Re: [PATCH 6/7] ecryptfs: switch to using a private mount

[Tyler Hicks <code@tyhicks.com>]

On 2021-04-19 00:01:28, Tyler Hicks wrote:
> On 2021-04-14 14:37:50, Christian Brauner wrote:
> > From: Christian Brauner <christian.brauner@ubuntu.com>
> > 
> > Since [1] we support creating private mounts from a given path's
> > vfsmount. This makes them very suitable for any filesystem or
> > filesystem functionality that piggybacks on paths of another filesystem.
> > Overlayfs, cachefiles, and ecryptfs are three prime examples.
> > 
> > Since private mounts aren't attached in the filesystem they aren't
> > affected by mount property changes after ecryptfs makes use of them.
> > This seems a rather desirable property as the underlying path can't e.g.
> > suddenly go from read-write to read-only and in general it means that
> > ecryptfs is always in full control of the underlying mount after the
> > user has allowed it to be used (apart from operations that affect the
> > superblock of course).
> > 
> > Besides that it also makes things simpler for a variety of other vfs
> > features. One concrete example is fanotify.
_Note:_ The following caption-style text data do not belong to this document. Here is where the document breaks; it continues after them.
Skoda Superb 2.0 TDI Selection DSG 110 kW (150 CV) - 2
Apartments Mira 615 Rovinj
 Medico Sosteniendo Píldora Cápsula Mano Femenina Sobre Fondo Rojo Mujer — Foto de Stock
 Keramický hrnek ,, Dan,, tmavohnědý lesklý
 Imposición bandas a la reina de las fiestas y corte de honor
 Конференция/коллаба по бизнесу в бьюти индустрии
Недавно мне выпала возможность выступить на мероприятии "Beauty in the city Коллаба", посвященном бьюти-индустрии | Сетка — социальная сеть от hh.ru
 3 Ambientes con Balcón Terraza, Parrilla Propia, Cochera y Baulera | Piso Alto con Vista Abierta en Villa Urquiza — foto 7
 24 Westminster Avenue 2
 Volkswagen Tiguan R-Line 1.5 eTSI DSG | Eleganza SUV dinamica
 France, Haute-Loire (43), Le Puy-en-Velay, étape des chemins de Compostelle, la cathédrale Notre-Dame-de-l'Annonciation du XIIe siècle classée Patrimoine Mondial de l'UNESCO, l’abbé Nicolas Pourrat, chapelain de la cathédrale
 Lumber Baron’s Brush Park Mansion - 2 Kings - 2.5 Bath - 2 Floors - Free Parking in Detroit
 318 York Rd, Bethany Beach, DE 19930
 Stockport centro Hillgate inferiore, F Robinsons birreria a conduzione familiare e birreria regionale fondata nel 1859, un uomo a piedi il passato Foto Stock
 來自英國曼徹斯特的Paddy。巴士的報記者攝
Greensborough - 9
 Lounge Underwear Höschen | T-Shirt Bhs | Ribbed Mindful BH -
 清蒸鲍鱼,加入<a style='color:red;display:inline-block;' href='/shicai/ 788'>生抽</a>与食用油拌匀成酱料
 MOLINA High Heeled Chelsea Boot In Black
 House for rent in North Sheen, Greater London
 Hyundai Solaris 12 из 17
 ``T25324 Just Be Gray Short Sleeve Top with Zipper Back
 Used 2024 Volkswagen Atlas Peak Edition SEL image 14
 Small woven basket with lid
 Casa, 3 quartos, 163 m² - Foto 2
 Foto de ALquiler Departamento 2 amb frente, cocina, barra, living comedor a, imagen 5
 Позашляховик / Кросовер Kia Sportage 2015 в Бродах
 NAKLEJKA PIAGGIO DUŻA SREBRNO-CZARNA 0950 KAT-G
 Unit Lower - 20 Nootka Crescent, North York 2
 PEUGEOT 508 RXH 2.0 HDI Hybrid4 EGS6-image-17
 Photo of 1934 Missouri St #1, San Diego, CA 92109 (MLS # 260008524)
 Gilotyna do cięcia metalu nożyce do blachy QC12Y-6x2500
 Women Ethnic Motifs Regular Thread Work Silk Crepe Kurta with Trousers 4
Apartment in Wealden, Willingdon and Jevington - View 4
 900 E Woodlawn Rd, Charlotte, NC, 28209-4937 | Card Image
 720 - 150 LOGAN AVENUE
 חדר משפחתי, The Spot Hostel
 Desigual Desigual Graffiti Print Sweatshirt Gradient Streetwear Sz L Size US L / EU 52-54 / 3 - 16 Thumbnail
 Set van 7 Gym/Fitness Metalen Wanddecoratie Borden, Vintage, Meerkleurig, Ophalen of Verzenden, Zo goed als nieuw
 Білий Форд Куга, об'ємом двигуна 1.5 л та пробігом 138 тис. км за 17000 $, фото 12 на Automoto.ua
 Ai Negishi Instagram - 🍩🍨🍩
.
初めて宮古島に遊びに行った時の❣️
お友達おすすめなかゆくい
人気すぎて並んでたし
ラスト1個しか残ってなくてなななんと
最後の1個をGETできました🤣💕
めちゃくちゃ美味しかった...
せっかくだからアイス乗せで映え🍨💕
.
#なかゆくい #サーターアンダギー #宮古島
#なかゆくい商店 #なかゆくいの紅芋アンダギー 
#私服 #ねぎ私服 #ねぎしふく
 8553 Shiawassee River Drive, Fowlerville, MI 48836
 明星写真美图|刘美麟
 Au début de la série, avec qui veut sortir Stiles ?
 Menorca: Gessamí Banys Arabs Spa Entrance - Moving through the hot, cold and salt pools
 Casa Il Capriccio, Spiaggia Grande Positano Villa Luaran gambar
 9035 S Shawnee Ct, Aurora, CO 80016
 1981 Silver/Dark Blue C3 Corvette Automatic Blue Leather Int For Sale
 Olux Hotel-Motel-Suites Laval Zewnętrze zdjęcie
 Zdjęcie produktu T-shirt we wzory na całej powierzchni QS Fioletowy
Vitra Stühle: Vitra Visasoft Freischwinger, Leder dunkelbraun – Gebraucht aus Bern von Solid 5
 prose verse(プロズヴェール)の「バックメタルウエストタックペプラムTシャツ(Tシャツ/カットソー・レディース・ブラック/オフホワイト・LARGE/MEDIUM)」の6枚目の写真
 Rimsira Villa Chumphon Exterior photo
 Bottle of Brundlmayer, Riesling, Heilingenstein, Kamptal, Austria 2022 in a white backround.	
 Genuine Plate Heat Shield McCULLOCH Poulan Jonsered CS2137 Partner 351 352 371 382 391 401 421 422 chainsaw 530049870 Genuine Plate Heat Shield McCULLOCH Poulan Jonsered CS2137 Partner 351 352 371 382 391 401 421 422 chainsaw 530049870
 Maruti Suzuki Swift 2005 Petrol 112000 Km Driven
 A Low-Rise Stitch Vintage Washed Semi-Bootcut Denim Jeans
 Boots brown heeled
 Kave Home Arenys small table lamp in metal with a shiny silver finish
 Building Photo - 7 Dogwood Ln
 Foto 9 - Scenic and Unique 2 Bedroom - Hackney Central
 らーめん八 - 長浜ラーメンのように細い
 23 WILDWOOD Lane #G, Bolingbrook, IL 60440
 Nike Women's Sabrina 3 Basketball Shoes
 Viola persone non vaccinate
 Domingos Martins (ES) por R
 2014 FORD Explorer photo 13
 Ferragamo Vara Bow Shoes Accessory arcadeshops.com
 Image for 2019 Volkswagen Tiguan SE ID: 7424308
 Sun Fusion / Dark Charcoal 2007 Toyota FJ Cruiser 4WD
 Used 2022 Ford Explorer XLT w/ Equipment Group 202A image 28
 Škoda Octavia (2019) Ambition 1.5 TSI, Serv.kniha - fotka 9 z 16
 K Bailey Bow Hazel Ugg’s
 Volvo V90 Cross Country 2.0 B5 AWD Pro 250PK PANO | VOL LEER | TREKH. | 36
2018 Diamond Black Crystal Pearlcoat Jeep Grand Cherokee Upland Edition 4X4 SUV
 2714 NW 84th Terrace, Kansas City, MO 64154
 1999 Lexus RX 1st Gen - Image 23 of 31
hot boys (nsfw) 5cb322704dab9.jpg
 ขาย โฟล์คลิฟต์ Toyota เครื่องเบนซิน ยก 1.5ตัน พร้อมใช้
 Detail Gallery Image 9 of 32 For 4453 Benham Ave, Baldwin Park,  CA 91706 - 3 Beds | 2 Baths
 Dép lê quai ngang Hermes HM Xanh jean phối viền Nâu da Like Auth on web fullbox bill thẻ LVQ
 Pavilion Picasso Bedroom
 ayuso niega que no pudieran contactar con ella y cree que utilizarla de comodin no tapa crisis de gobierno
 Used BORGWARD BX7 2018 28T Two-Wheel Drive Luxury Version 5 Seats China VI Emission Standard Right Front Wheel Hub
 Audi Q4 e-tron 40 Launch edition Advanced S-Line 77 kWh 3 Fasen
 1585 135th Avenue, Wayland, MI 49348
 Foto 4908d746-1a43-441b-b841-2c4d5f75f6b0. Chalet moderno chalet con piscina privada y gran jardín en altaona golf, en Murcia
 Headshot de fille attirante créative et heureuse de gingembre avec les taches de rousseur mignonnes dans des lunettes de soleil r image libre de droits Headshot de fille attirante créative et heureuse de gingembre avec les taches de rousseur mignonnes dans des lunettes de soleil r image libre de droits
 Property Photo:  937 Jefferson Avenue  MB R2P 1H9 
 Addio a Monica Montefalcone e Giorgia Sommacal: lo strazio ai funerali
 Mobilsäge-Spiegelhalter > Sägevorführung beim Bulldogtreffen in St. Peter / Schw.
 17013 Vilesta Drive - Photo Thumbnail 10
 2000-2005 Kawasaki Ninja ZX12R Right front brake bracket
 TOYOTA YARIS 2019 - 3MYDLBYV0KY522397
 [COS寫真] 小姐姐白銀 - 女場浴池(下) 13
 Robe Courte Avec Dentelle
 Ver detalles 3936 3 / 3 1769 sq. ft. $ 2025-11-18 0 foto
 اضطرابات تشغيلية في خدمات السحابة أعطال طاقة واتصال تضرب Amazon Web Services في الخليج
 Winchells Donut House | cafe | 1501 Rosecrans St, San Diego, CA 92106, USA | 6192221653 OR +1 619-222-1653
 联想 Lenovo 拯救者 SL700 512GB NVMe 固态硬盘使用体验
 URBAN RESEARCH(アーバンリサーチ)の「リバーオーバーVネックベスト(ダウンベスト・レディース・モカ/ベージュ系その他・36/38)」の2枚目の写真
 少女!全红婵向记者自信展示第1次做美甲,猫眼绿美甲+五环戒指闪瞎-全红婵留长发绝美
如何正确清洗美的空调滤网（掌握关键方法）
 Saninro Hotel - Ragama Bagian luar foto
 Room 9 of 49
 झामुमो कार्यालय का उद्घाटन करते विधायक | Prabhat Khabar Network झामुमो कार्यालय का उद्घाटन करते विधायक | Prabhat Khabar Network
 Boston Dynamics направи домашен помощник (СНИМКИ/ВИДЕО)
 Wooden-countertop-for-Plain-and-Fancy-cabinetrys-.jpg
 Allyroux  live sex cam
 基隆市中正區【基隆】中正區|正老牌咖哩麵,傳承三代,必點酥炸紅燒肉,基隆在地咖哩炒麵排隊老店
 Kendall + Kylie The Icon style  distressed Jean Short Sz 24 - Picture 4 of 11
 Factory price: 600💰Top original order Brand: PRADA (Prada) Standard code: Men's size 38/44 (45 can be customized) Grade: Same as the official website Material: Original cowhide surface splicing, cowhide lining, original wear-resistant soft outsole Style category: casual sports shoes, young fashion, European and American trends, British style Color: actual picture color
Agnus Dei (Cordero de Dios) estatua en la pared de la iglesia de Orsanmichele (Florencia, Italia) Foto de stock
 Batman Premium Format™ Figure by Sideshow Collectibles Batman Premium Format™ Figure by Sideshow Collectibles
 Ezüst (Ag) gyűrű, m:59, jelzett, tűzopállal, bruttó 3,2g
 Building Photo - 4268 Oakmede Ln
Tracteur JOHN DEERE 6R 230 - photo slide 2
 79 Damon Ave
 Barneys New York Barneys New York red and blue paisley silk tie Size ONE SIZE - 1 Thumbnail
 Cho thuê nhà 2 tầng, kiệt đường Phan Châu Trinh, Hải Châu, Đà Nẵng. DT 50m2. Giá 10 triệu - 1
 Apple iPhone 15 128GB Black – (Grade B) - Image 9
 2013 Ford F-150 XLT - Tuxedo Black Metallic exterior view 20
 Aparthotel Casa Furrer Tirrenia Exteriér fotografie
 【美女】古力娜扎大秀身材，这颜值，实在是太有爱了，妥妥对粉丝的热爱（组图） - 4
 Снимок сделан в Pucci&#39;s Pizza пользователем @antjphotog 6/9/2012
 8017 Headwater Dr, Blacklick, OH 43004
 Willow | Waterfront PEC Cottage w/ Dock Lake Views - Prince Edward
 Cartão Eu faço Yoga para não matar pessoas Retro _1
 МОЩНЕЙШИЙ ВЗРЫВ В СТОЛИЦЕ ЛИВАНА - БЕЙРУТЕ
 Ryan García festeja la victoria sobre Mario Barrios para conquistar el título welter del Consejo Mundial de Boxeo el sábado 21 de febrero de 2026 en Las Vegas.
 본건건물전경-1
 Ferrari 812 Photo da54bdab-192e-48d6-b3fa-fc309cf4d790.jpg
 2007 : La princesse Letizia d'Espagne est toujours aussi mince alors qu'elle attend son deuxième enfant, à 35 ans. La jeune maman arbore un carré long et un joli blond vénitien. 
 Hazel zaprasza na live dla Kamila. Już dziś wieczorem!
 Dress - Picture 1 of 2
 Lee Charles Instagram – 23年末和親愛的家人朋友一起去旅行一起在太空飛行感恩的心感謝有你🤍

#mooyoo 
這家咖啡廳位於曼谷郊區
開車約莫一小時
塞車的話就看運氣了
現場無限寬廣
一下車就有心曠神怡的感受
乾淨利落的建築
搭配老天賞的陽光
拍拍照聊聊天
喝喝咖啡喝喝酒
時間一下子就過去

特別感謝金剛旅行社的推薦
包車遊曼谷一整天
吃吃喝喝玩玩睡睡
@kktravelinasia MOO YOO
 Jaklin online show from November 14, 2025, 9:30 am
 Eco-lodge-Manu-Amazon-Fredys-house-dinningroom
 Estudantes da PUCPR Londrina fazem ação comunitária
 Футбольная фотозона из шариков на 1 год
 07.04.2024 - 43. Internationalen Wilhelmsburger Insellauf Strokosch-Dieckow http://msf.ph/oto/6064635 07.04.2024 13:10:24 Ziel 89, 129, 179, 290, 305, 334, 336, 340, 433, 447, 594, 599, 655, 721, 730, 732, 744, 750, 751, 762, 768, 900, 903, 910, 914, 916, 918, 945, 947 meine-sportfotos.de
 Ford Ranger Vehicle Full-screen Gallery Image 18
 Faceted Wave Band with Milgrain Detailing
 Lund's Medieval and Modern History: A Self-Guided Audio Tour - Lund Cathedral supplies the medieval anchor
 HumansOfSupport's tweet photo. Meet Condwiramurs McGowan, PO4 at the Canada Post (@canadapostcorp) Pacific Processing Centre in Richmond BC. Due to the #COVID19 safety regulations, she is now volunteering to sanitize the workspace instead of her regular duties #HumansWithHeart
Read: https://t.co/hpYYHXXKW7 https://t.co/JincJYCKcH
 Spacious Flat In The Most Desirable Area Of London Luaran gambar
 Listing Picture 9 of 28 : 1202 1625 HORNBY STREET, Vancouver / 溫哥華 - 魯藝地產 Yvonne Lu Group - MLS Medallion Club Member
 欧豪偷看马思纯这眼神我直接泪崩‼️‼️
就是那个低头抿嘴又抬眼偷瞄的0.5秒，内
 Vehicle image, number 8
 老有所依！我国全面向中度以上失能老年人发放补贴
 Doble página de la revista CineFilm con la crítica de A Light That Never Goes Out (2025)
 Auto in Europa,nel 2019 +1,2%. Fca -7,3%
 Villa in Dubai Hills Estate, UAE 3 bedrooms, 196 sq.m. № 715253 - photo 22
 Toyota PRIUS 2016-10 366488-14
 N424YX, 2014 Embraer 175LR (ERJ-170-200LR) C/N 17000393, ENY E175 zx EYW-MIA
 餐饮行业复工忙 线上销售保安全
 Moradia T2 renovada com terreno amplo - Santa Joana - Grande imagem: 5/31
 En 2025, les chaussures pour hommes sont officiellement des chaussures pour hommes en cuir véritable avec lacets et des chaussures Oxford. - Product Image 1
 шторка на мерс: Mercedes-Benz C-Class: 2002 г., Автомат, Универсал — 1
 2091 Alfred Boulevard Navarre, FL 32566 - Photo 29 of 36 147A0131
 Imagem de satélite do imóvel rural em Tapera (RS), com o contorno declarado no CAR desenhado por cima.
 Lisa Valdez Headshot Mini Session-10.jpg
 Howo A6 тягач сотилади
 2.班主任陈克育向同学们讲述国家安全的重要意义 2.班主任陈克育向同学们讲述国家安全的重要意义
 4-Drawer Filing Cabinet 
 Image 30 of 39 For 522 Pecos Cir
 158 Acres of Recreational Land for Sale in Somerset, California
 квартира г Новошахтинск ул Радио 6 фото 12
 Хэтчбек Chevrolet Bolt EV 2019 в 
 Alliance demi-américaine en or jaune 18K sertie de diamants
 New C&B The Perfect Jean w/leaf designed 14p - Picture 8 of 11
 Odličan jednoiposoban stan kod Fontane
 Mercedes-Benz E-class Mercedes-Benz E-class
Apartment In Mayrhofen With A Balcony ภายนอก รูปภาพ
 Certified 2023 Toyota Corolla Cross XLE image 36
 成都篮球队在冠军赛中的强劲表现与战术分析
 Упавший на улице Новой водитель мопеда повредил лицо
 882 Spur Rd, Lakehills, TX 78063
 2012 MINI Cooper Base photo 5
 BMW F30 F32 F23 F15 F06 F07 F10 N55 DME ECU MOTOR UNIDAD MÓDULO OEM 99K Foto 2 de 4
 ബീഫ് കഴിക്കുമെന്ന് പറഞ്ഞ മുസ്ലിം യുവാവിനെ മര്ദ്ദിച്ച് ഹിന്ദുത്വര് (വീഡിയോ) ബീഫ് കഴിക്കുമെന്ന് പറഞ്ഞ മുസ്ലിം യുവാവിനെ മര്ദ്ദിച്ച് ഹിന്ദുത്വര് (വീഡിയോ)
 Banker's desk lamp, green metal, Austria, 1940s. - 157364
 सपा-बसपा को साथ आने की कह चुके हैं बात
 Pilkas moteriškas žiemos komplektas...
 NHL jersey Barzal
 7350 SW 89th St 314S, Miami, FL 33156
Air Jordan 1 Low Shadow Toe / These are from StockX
When the path->mnt of the
> > path that is used as a cache has been marked with FAN_MARK_MOUNT the
> > semantics get tricky as it isn't clear whether the watchers of path->mnt
> > should get notified about fsnotify events when files are created by
> > ecryptfs via path->mnt. Using a private mount let's us elegantly
> > handle this case too and aligns the behavior of stacks created by
> > overlayfs and cachefiles.
> > 
> > This change comes with a proper simplification in how ecryptfs currently
> > handles the lower_path it stashes as private information in its
> > dentries. Currently it always does:
> > 
> >         ecryptfs_set_dentry_private(dentry, dentry_info);
> >         dentry_info->lower_path.mnt = mntget(path->mnt);
> >         dentry_info->lower_path.dentry = lower_dentry;
> > 
> > and then during .d_relase() in ecryptfs_d_release():
> > 
> >         path_put(&p->lower_path);
> > 
> > which is odd since afaict path->mnt is guaranteed to be the mnt stashed
> > during ecryptfs_mount():
> > 
> >         ecryptfs_set_dentry_private(s->s_root, root_info);
> >         root_info->lower_path = path;
> > 
> > So that mntget() seems somewhat pointless but there might be reasons
> > that I'm missing in how the interpose logic for ecryptfs works.
> > 
> > While switching to a long-term private mount via clone_private_mount()
> > let's get rid of the gratuitous mntget() and mntput()/path_put().
> > Instead, stash away the private mount in ecryptfs' s_fs_info and call
> > kern_unmount() in .kill_sb() so we only take the mntput() hit once.
> > 
> > I've added a WARN_ON_ONCE() into ecryptfs_lookup_interpose() triggering
> > if the stashed private mount and the path's mount don't match. I think
> > that would be a proper bug even without that clone_private_mount()
> > change in this patch.
> > 
> > [1]: c771d683a62e ("vfs: introduce clone_private_mount()")
> > Cc: Amir Goldstein <amir73il@gmail.com>
> > Cc: Tyler Hicks <code@tyhicks.com>
> > Cc: Miklos Szeredi <mszeredi@redhat.com>
> > Cc: ecryptfs@vger.kernel.org
> > Cc: linux-fsdevel@vger.kernel.org
> > Signed-off-by: Christian Brauner <christian.brauner@ubuntu.com>
> 
> This patch and the following one both look technically correct to me. I
> do want to spend a little time manually testing these changes, though.
> I'm hoping to have that done by end of day Tuesday.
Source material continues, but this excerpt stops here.